Pounding out a platform

I came to Minneapolis a week before the GOP Convention in St. Paul to assist in forming the Republican platform.

It is very quiet on the south side of Minnesota's largest city with 369,000 residents. The scenery is like downtown Baltimore, with tall, large office buildings.


Yet it is very quaint. Homey almost. Kinda like Carroll County in the years of old.

Not many cars on the road, very few people are walking around on this sunny afternoon. Almost total silence, as I sit outside the hotel and enjoy a little bite to eat before the first gathering of the Resolutions Committee.


Breaking the quiet after almost two and a half hours into my arrival there is a squealing – a siren in the distance.
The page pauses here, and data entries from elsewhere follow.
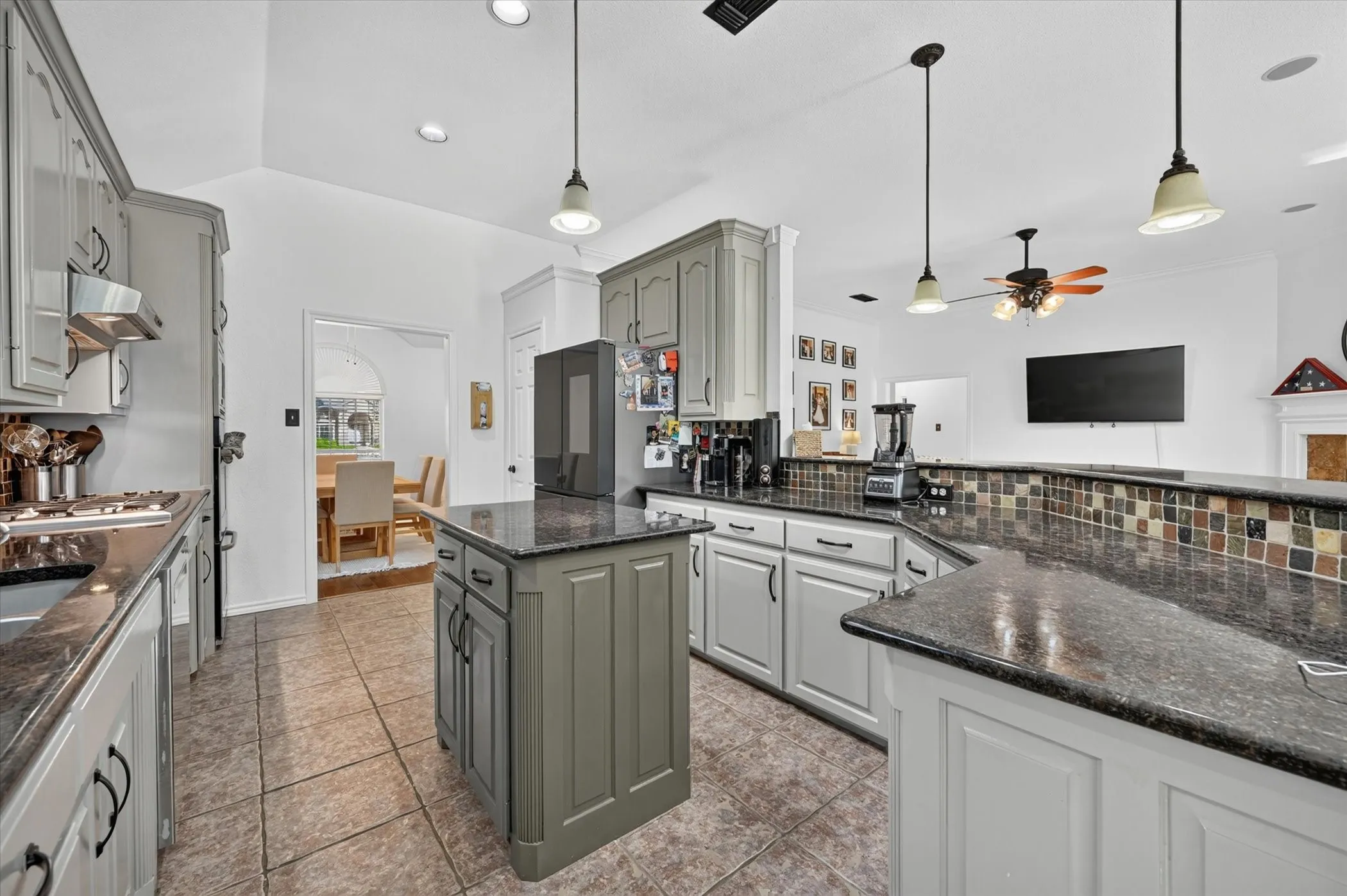 Kitchen featuring grey cabinetry, dark stone countertops, tile backsplash, tile flooring, and a central island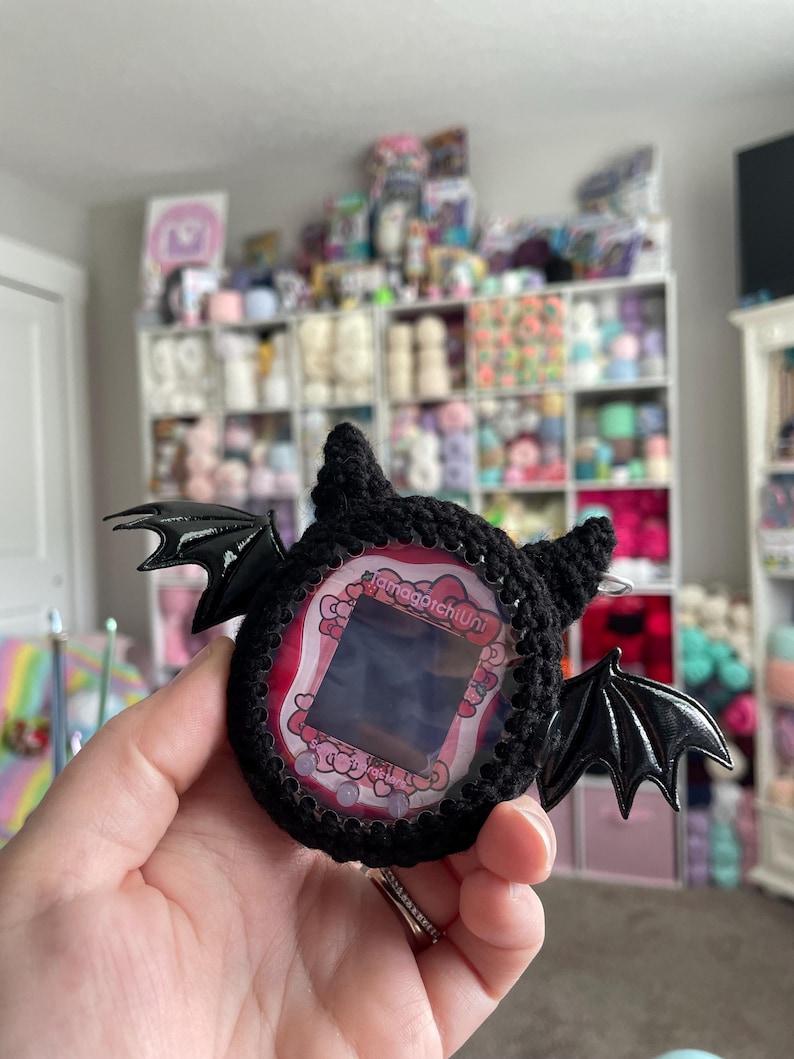 May include: A black crocheted Tamagotchi with bat wings and a pink and white screen. The text "Tamagotchi Uni" is on the screen.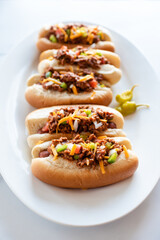 Close up of a plate of chili dogs on a white marble counter.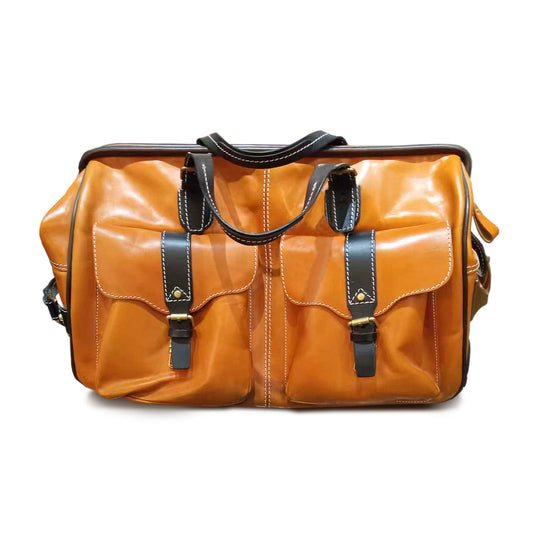 Handmade Leather Travel Bag With Wheels, brown leather duffel with pockets and sturdy handles.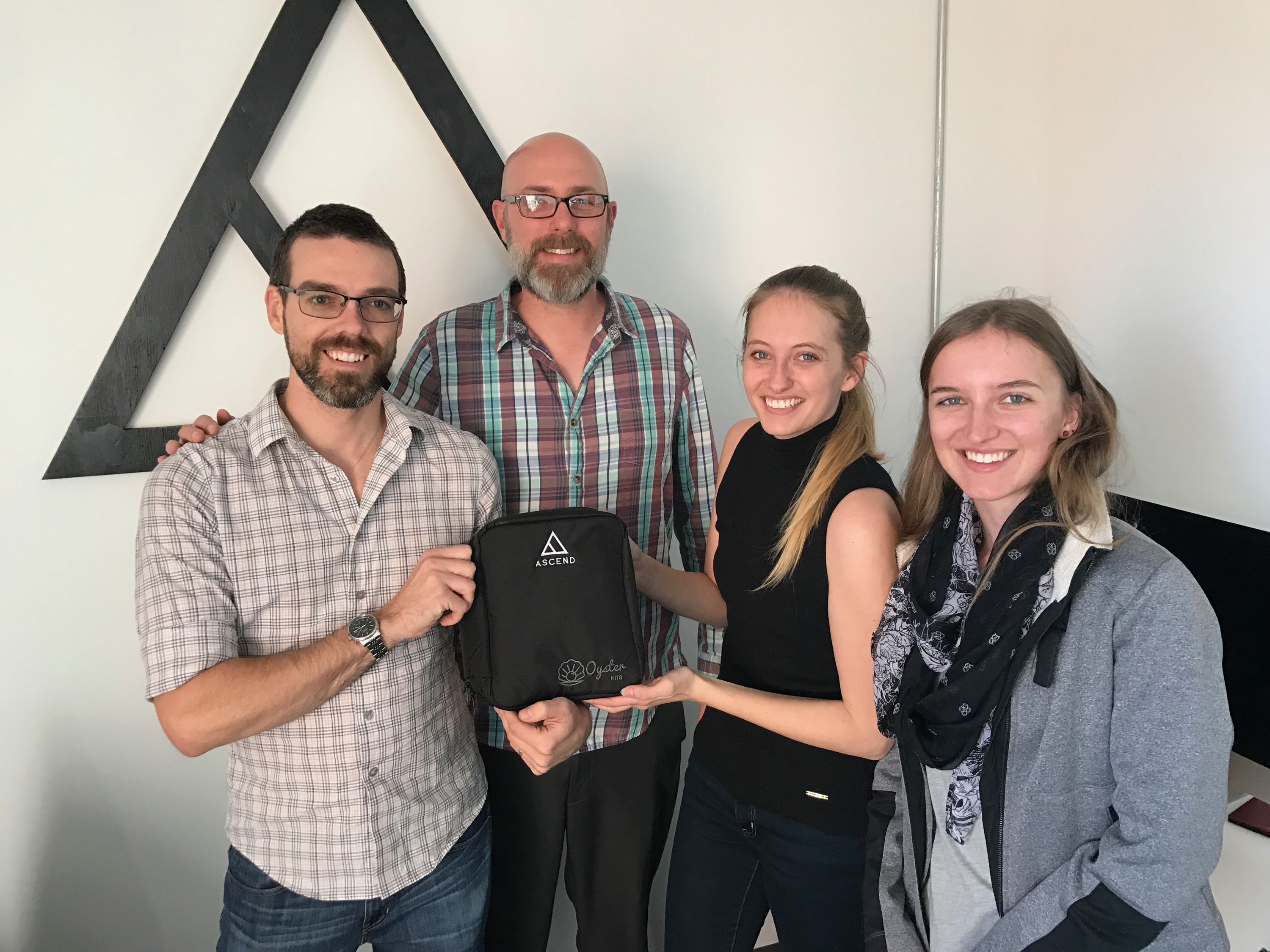 Ascend team holding oyster kit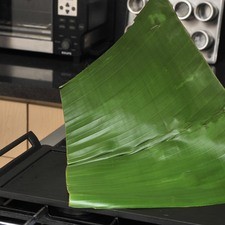 Pasar las hojas de plátano sobre el comal caliente hasta que cambien de color y queden suaves.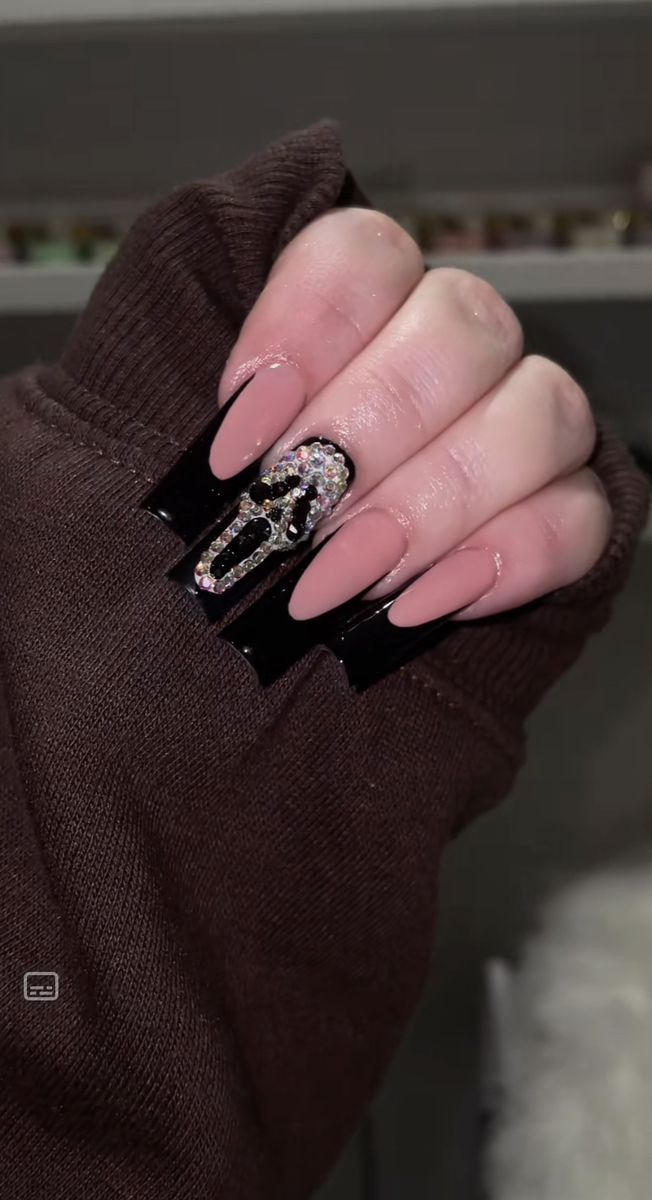 Chic Matte Nude Nail Design with Black and Rhinestone Accents for Modern Glamour.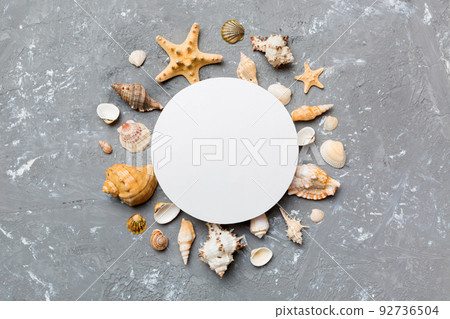 Summer time concept with blank greeting card and blank white paper on colored background. Seashells from ocean shore in the shape of frame separated with space for text top view Summer time concept with blank greeting card and blank white paper on colored background. Seashells from ocean shore in the shape of frame separated with space for text top view 92736504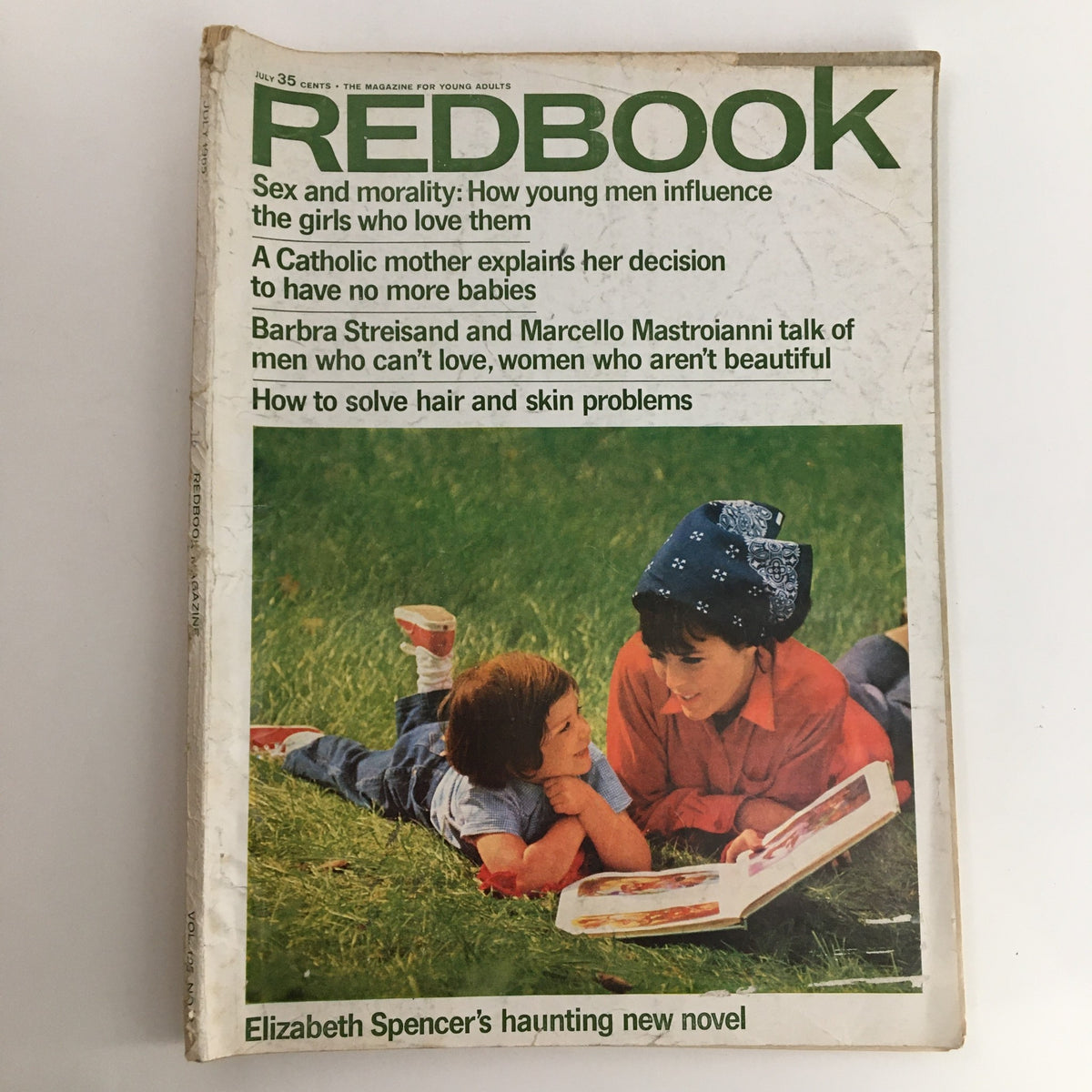 Cover of Redbook Magazine, July 1965, featuring Elizabeth Spencer's haunting new novel, with an image of two children reading together and articles on young adults, sex, and morality.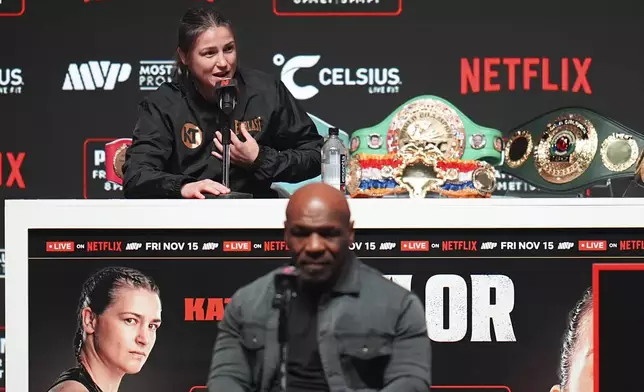 Mike Tyson, bottom, listens as Katie Taylor speaks during a news conference ahead of her undisputed super lightweight world title bout against Amanda Serrano, the co-main event in the Tyson vs. Jake Paul fight night, Wednesday, Nov. 13, 2024, in Irving, Texas. (AP Photo/Julio Cortez)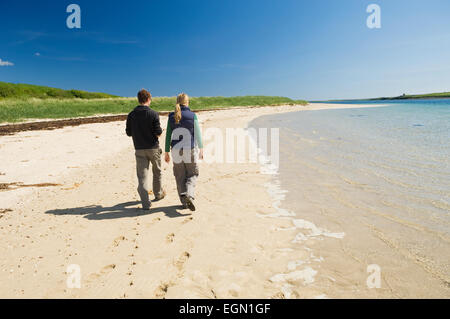 Junge Frau und Mann zu Fuß an einem schönen Sandstrand im Sommer Sonnenschein, Glims Holm, Orkney Inseln, Schottland. Stockfoto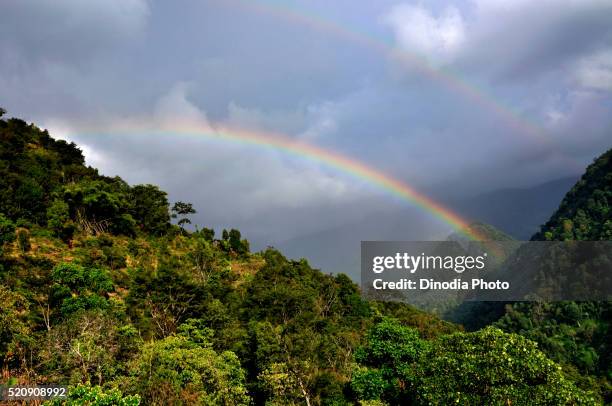 rainbow on cloudy sky, sikkim, india, asia - rainbow forrest abstract bildbanksfoton och bilder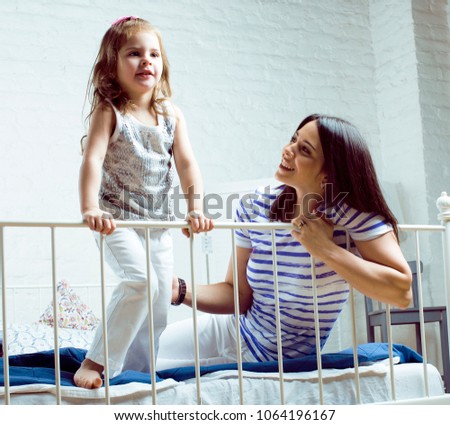 Portrait of mother and daughter laying in bed and smiling close 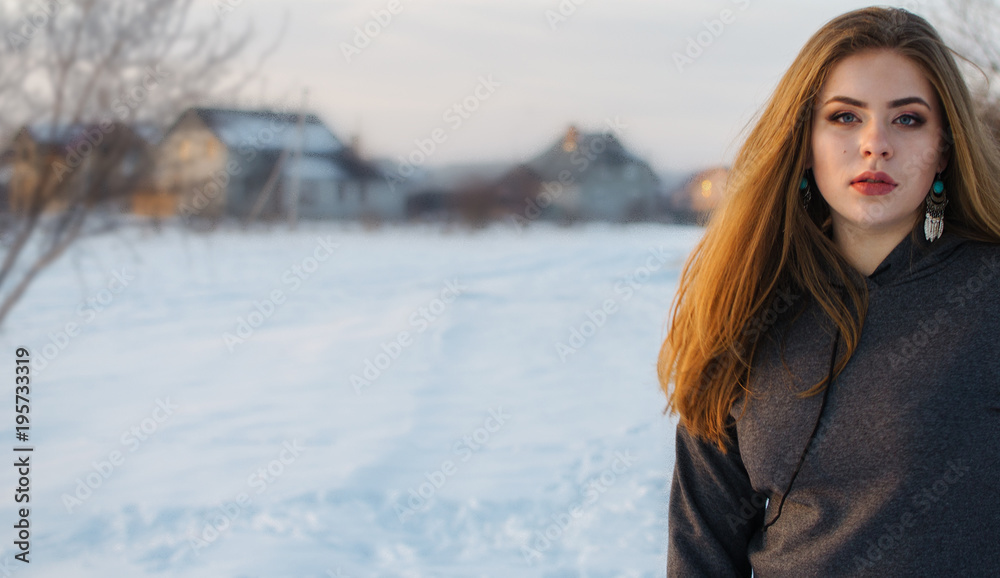 Young smiling girl in the winter Young smiling girl in the winter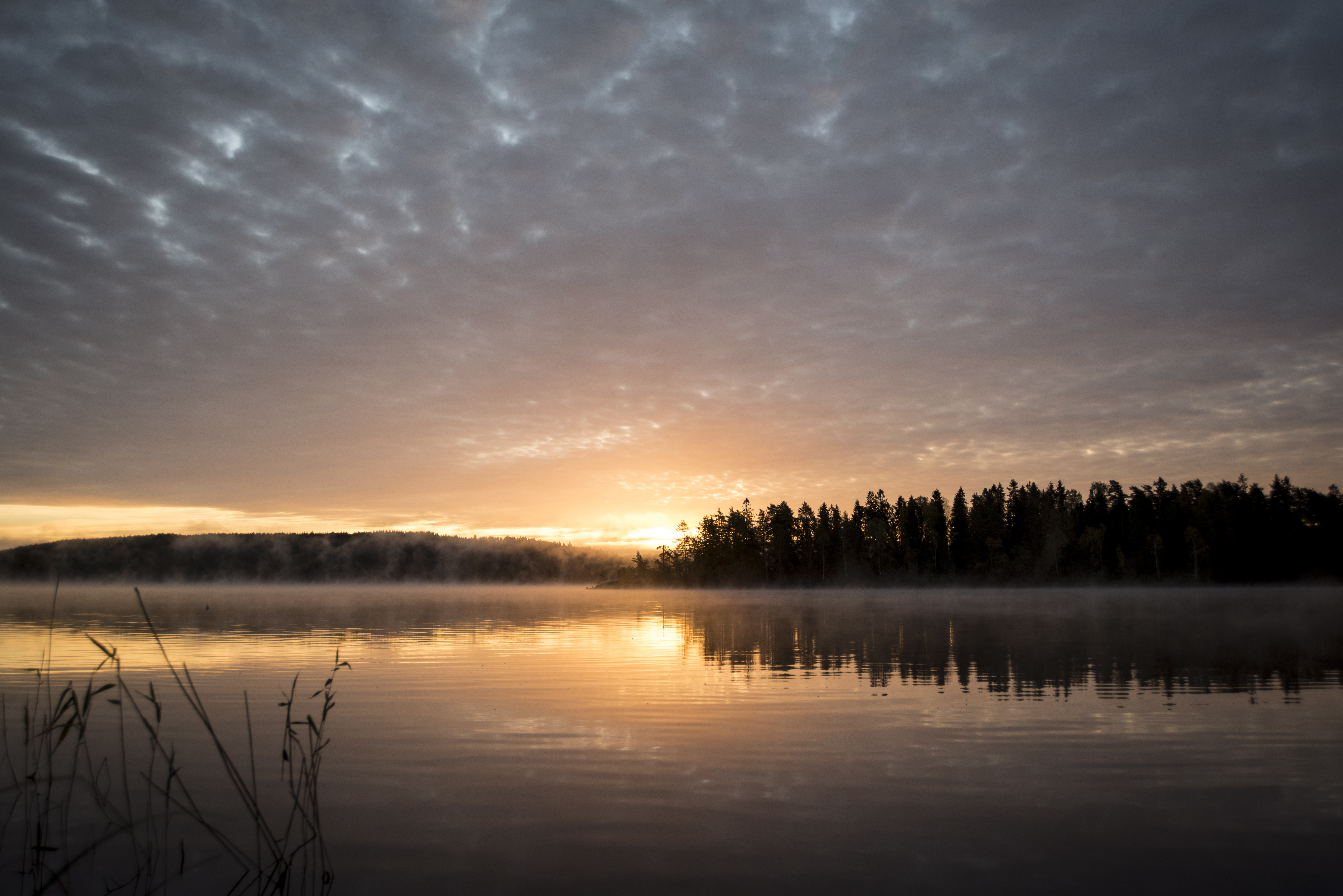 Solnedgång vid en stilla sjö.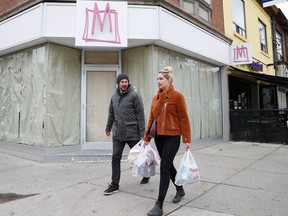 Shoppers walk past by empty stores in Toronto. It's been a year of unrelenting pain in retail, with widespread economic shutdowns toppling cornerstones of Canada's retail industry just as easily as small operations.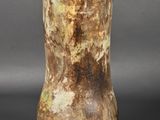 a vase that is sitting on a table with a gray background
An ambulance rushes by.

As I enter the revolving door of the hotel, there is a sign "No Guns are Permitted on the Premises." Revelation: Minnesota is a right-to-carry state. The only policemen I see are in the Minneapolis Convention Center.

I am told there are about 50 murders a year in this city of peacefulness; so unlike Baltimore. I wonder: Does the right to carry a concealed firearm have anything to do with the low crime rate ?

By the third day, everything is on schedule; we worked Monday through Wednesday, 7 a.m. to 7 p.m., crafting the platform which articulates the philosophies and positions of the Party of Lincoln.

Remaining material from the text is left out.